Filling in section 1 in apply for a blue badge

2. After completing this section, go on to the subsequent stage and complete the necessary details in all these fields - ETHNIC ORIGIN, Asian or Asian British Asian, Asian or Asian British Bangladeshi, Asian or Asian British Indian, Asian or Asian British Pakistani, Black or Black British African, Black or Black British Black, Black or Black British Caribbean, Mixed White and Asian, Mixed White and Black African, Mixed White and Black Caribbean, Mixed Other background, Other Ethnic Group Any other, Other Ethnic Group Chinese, and White White British.

Tips on how to complete apply for a blue badge portion 2

3. This third segment should be rather straightforward, Is English Spoken YesNo, and Interpreter Required YesNo - all these form fields needs to be filled in here.

Tips to complete apply for a blue badge step 3

4. This next section requires some additional information. Ensure you complete all the necessary fields - Have you applied previously for a, If Yes give details Current badge, PART B, Are you registered as blind under, YesNo, Do you receive the higher rate of, YesNo, If yes please supply evidence and, and from to - to proceed further in your process!

apply for a blue badge writing process explained (portion 4)

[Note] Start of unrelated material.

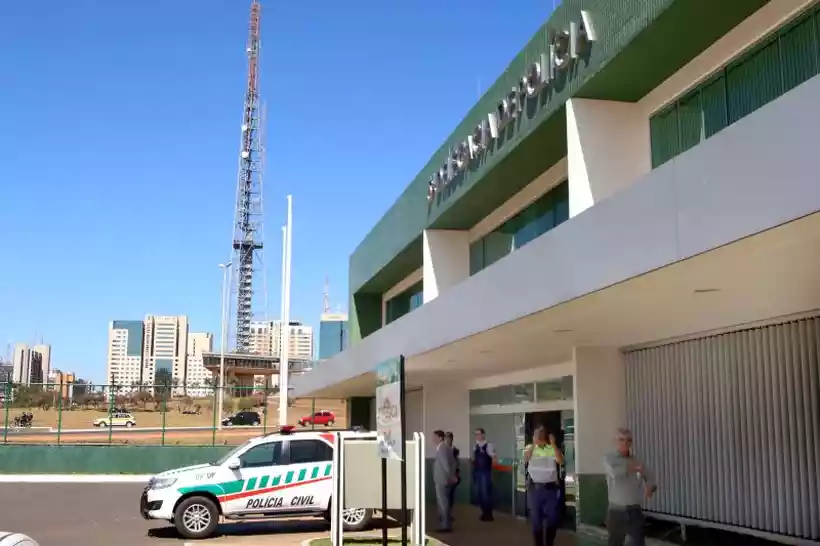 Obrigatoriedade das mÃ¡scaras, mais duas mortes no DF e o anÃºncio de um novo hospital de campanha foram algumas das notÃ­cias desta segunda-feira (11/5)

Concerning If yes please supply evidence and and If Yes give details Current badge, be sure you don't make any mistakes here. Those two could be the key fields in the PDF.

5. To finish your document, the last segment involves a few additional fields. Typing in Do you receive a Government Grant, YesNo, Do you receive War Pensioners, YesNo, If you have answered YES to any of, Please sign the declaration below, and DECLARATION should finalize everything and you will be done very quickly!